Dziadek był miłośnikiem Syjonu, ale nie w wąskim politycznym znaczeniu (Agudat Israel była w opozycji do ruchu syjonistycznego), lecz w szerokim znaczeniu tego słowa. W naszym domu odnoszono się do Erec Israel nie tylko jak do ziemi świętej. W pewnym okresie rozmawiano nawet o zakupie tam działki. Dziadek miał niepośledni udział w nastrojach pro-erec-izraelskich w kręgu chasydów Agudy w Zduńskiej Woli, spośród których część emigrowała do Kraju. O kwestii chasydów Ger i emigracji do Kraju jeszcze będę tu pisał w rozdziale o chasydzki dworze Ger. Dziadek miał też do czynienia z kręgiem Poalej Agudat Israel, będącej proletariackim odłamem Agudat Israel. Poalej miałaby być alternatywą dla świeckich ruchów robotniczych z Bundem na czele.

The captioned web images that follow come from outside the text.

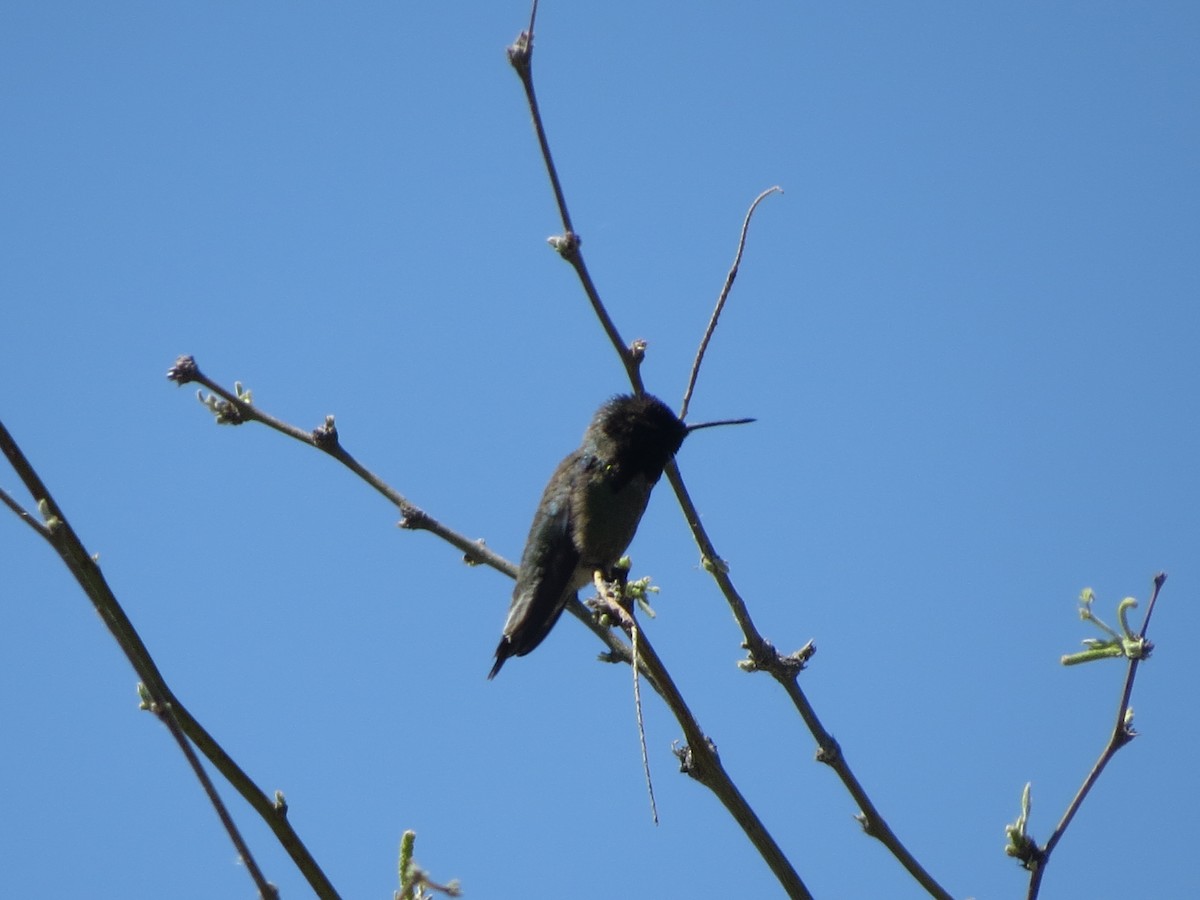 Black-chinned Hummingbird - ML617881092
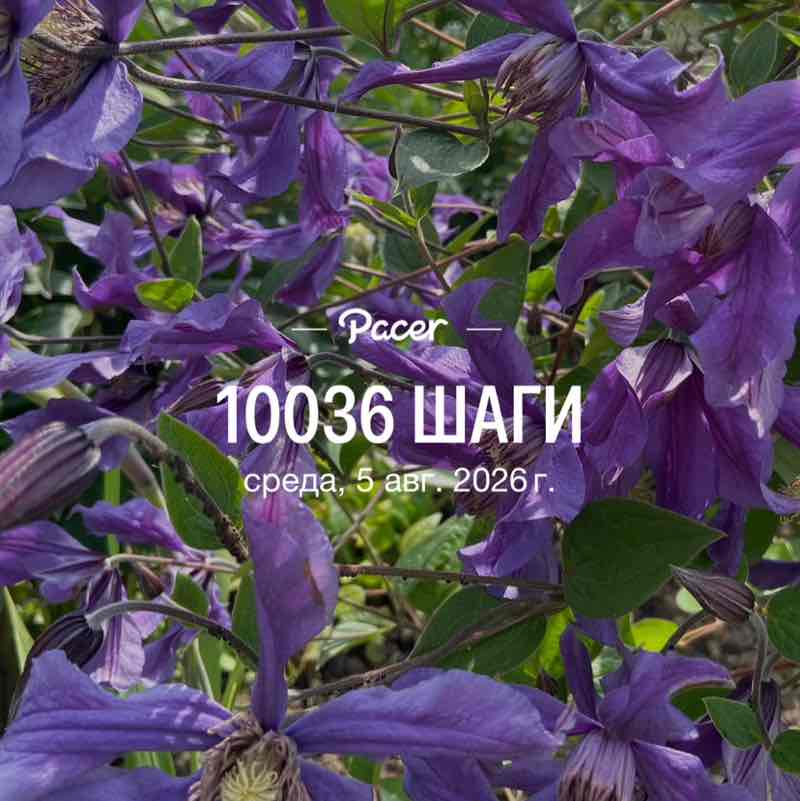 💃🏼💃🏼Елена✌️💃🏼 post 1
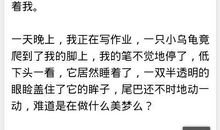 假如我是珍珠鸟作文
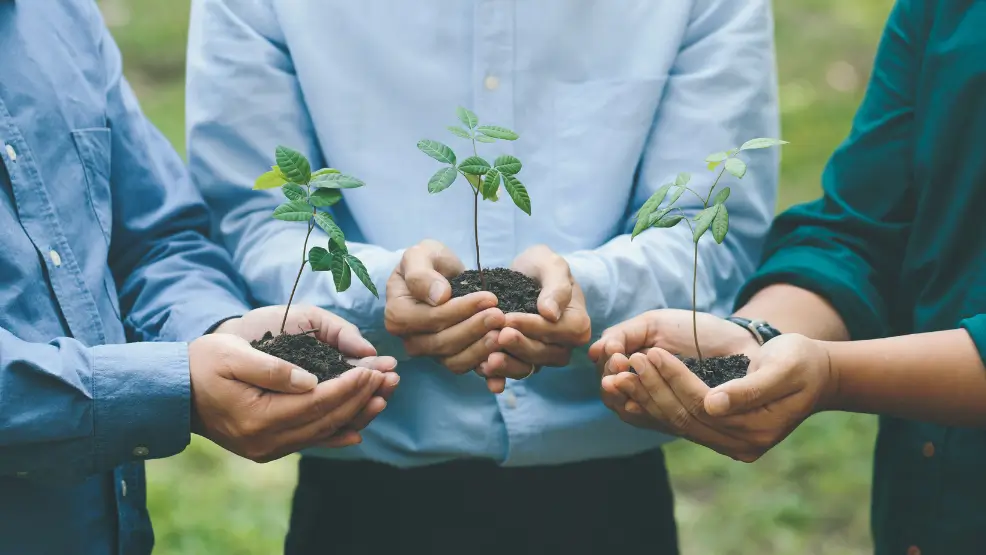 Understanding ISO 14001 Certification in Saudi Arabia: Key to Environmental Sustainability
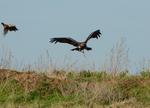 Steinadler_126_crop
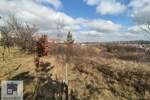 Plac, Beograd, Barič, prodaja, 0m2, 9900e, id1360455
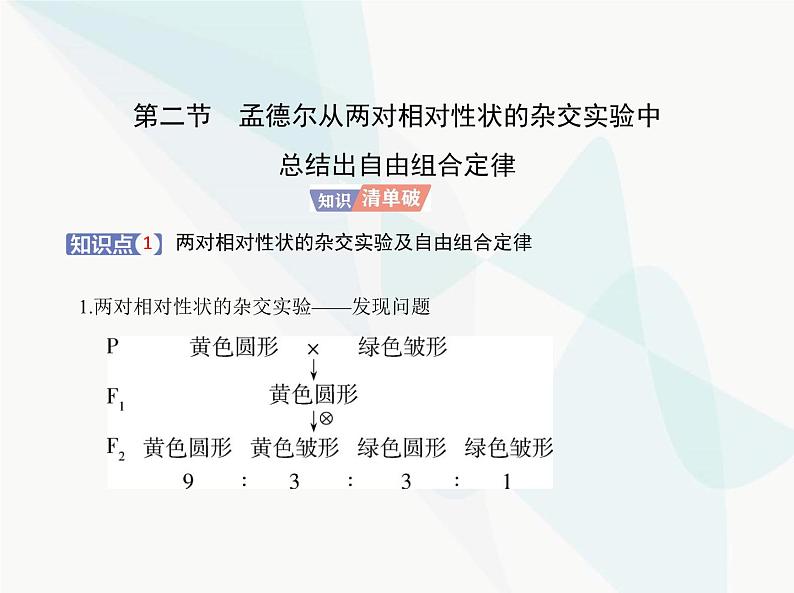 浙科版高中生物必修2第一章遗传的基本规律第二节孟德尔从两对相对性状的杂交实验中总结出自由组合定律课件01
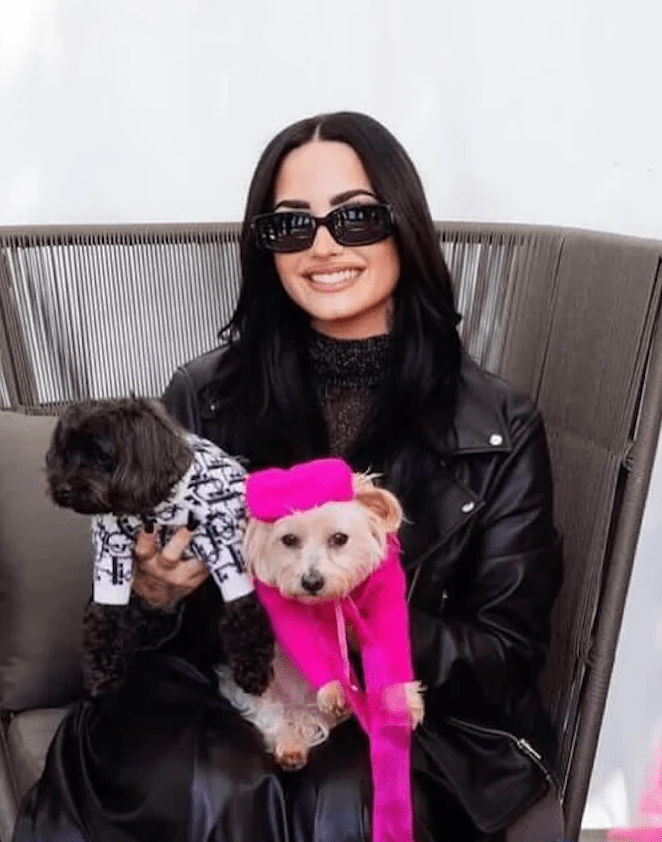 Demi Lovato - Moshiqa Store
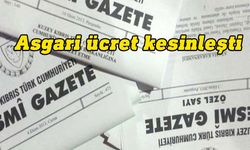 Asgari ücret kesinleşerek, Resmi Gazetede yayımlandı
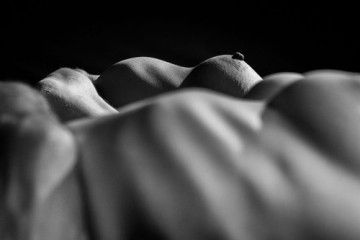 Erick-Coll-EROGENO-2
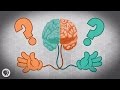Understanding Handedness and Brain Function
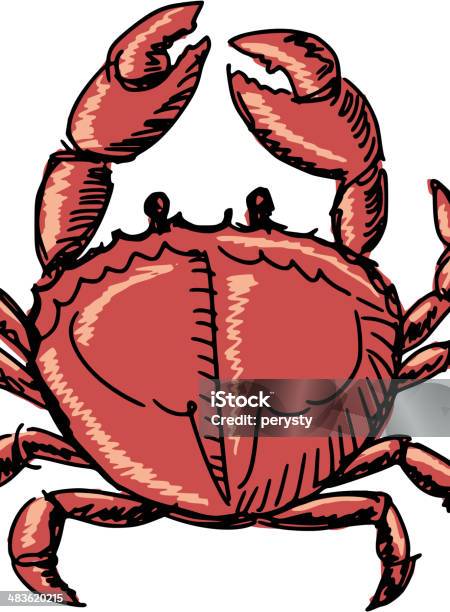 Crab — стоковая векторная графика и другие изображения на тему Банкет - Банкет, Белый фон, Варёный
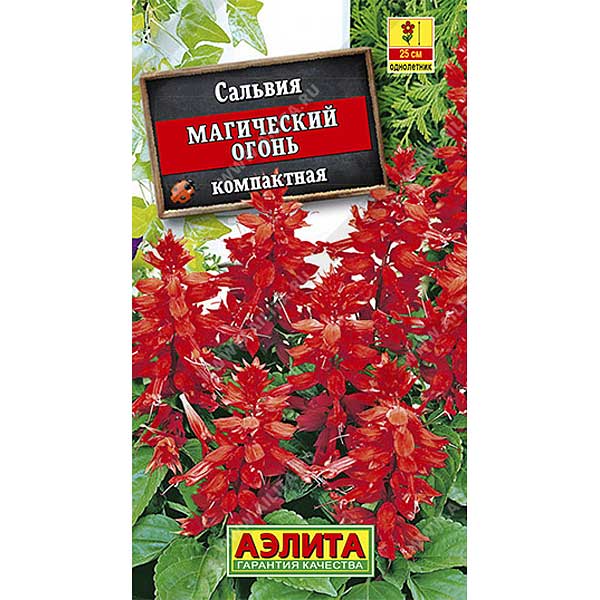 Сальвия Магический огонь Аэлита Ц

Robotnicy Poalej Aguda Israel różnili się od członków Agudat Israel między innymi ubiorem. Garnitury zamiast kapot. Kapelusze zamiast spodików i sztrajmlów, a czasami brak brody. Także cztery krańce [tałesu] były schowane, więc cyces nie powiewały na wietrze. Kapelusze przesuwano na bok zgodnie z ostatnią modą, a większość nosiła także krawaty. Robotnicy Agudat Israel byli mi bliżsi niż Agudat Israel. Widziałem w nich odpowiedź na ducha czasów. Istnieli także Młodzi Agudat Israel. Jednym z nich był Menachem Ploinski, późniejszy człowiek Bundu i partii komunistycznej, który przeżył i mieszka w Giwataim.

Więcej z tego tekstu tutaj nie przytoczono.